There are many problems with this. One is that incidents happen very rarely at a workplace, so if we're solely focused on incidents, we're giving ourselves very little to learn from.

Instead, why not change your definition to safety to something like:

  • The presence of resilience
  • The presence of successes

Why define safety as something like "the presence of successes," you ask? Because you have successes almost all the time at work, and safety plays a big role in that.

If you define safety as the presence of successes, you then realize that successes are a legitimate topic of study for safety professionals. Then you can analyze your successes, find out what causes them, and help to create more.

Change Your View of Employees

In many workplaces, safety professionals see workers in these ways:

  • The problem
  • The cause of incidents
  • Something to control

Think about that. Does that sound like a reasonable summary of a lot of traditional safety to you? The belief that most incidents are caused by employees? And that employees are therefore the problem? And that therefore the best thing to do with employees is provide them training that tells them exactly what to do and what not do to? And give them procedures that they're supposed to follow to the letter every time? And, if an incident does occur, to perform a root-cause analysis, determine it was caused by "human error," and then either:

  • Assign more training to the worker
  • Discipline the worker
  • Fire the worker
  • Create a new procedure and have everyone follow it exactly from that point on

But there's a different way to think of employees. Instead of thinking of employees as the problem, you can think of them as the solution. Instead of thinking of them as the cause of problems, you can think of them as the cause of successes. And instead of thinking of them as something you need to control, you can think of them as people you can (and need to) learn from and people you must support and enable.

Study Normal Work

If workers are not a problem but the solution, and they're not the cause of problems but the cause of successes, then it makes sense for safety professionals to study the work employees normally do and to learn more about it--and in particular, to learn about why that work so often results in successes.

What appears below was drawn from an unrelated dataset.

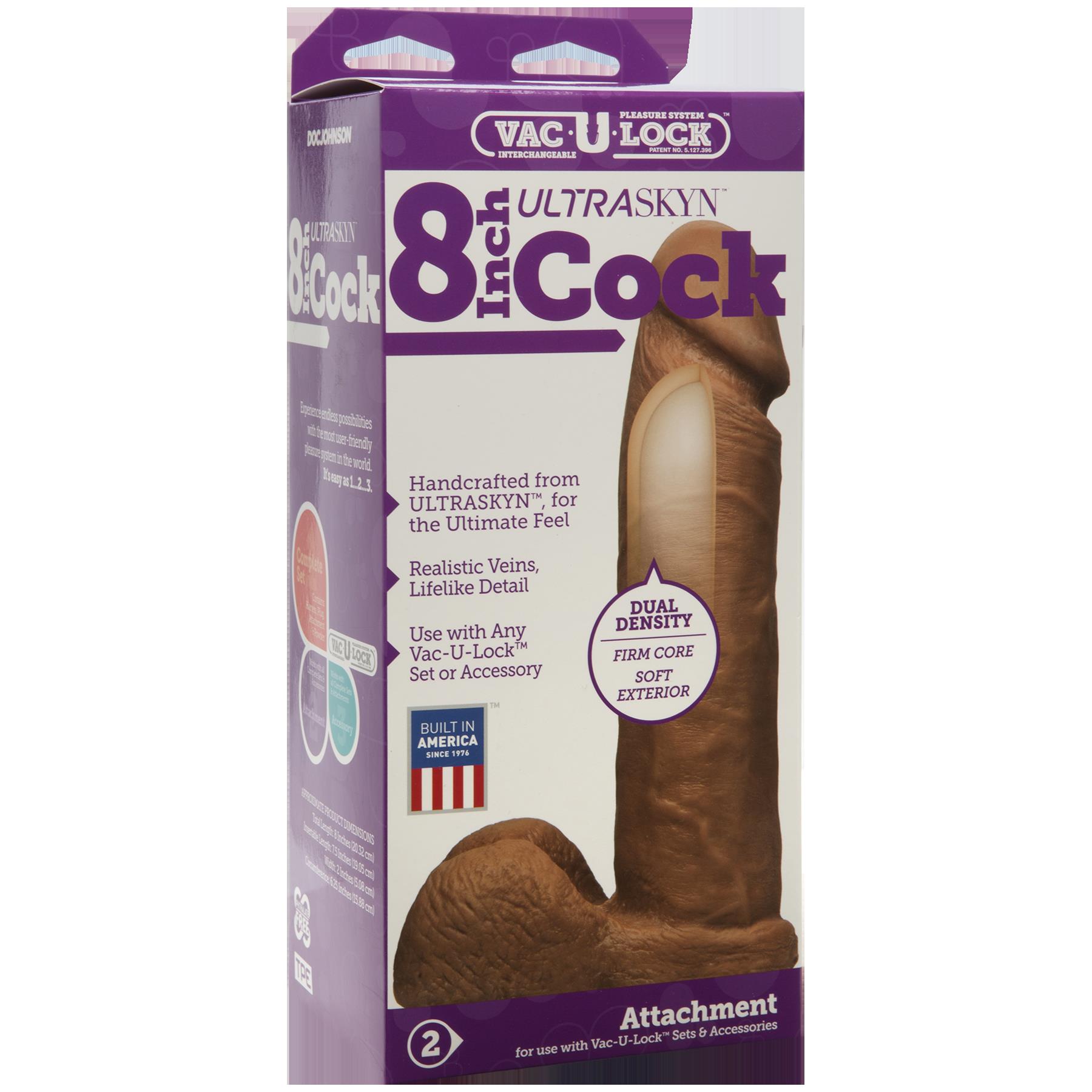 Vac-U-Lock 8-Inch Ultraskyn Cock - Caramel - Image 2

In the military, they conduct before action reviews (BARs) and after action reviews (AARs) to do just that. Safety professionals conduct these as well, and also conduct similar exercises that go by different names. But the primary idea is to talk with workers before and after a task and learn together from those discussions.

Another way to do this is to conduct learning team events. Learning teams are often associated with incident investigations, but they can be done to learn about and improve processes as well.

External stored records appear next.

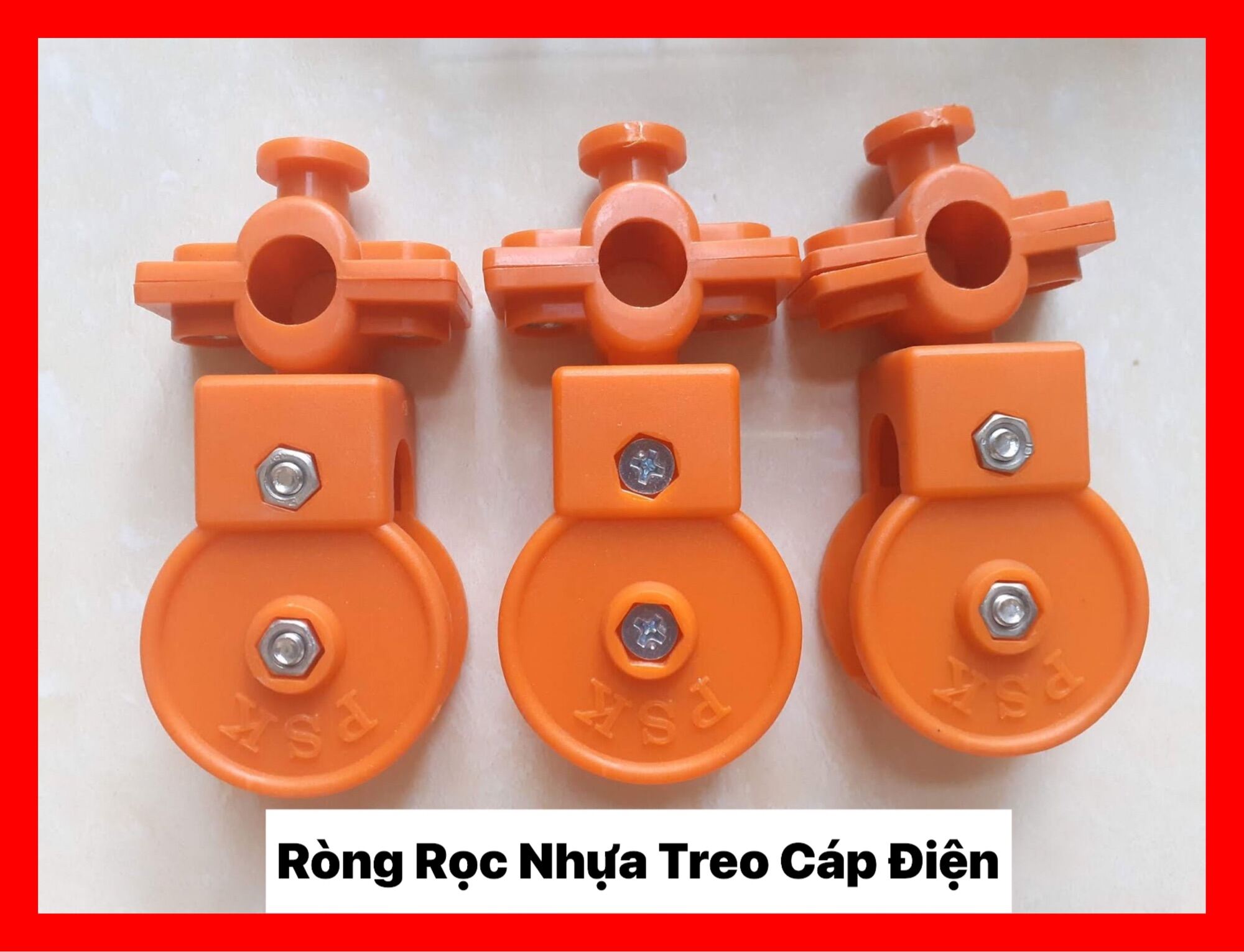 Ròng Rọc Nhựa Treo Cáp Điện ( Puly Nhựa )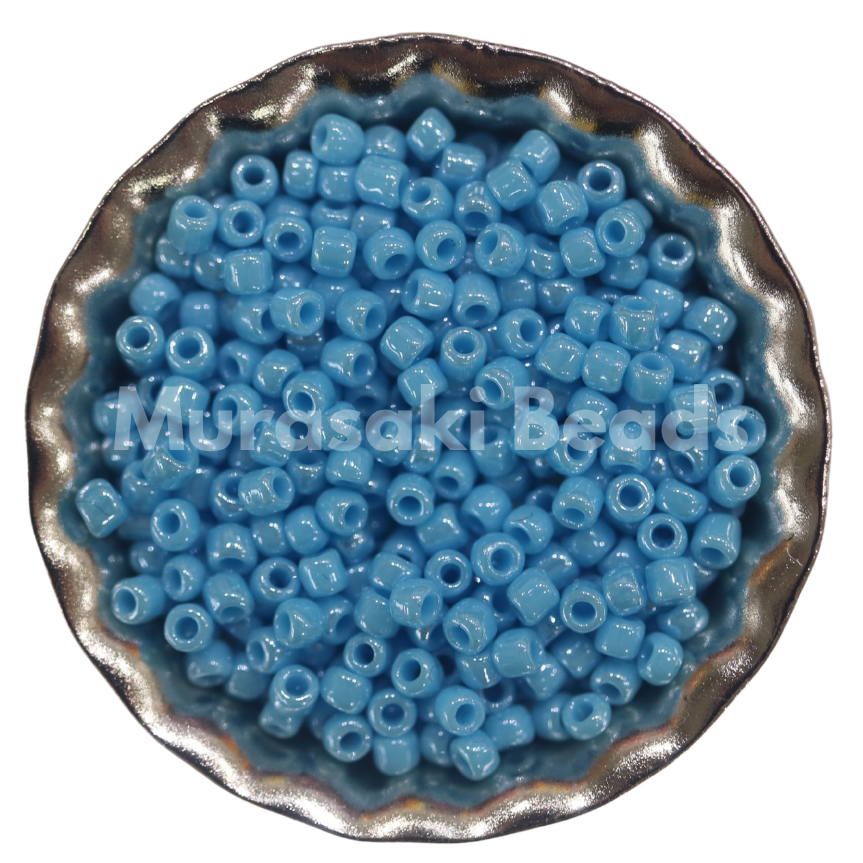 Size 11 - Murasaki Sky Blue Luster Beads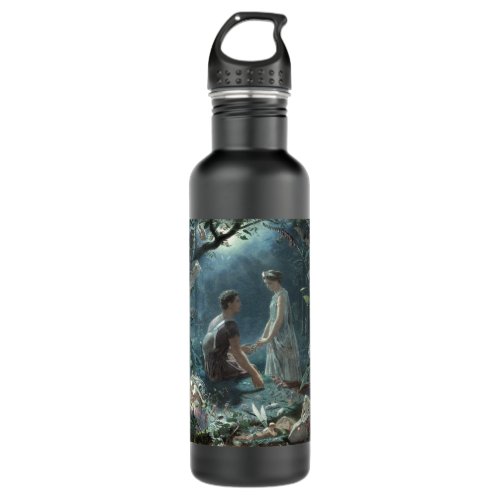 Hermia Lysander  fairies Midsummer Night Dream Stainless Steel Water Bottle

A final thing to keep in mind is that you need to expect, embrace and learn from variability. What does variability mean in this context? Think about those procedures you create: if workers follow them to the letter every time, there's no variability. But the fact is, workers probably depart from the by-the-letter instructions of your procedures frequently. Those departures from your procedures are what we mean by variability. And the follow-up fact is that those variations or departures almost always lead to successes at work (though also do sometimes contribute to failures). So you should discuss variability with workers, recognize when it's creating successes (and try to amplify that) and also raise alerts when it may cause a drift that leads to incidents.

For more on this, check out our article on Performing Pre-Task Pre-Mortems (similar to a Before Action Review).

Create a Just Safety Culture

What is a "just safety culture?" Here's how Sidney Dekker defines it:

A just culture is a culture of trust, learning, and accountability. In the wake of an incident, a restorative culture asks: "Who are hurt, what do they need, and whose obligation is to meet that need?" It doesn't dwell on questions of rules and consequences."

Sidney Dekker

One way to create a just safety culture is to encourage reporting of safety observations, near misses, and incidents, and to not punish workers for reporting these. This reporting will create a just safety culture but also contribute to organizational learning.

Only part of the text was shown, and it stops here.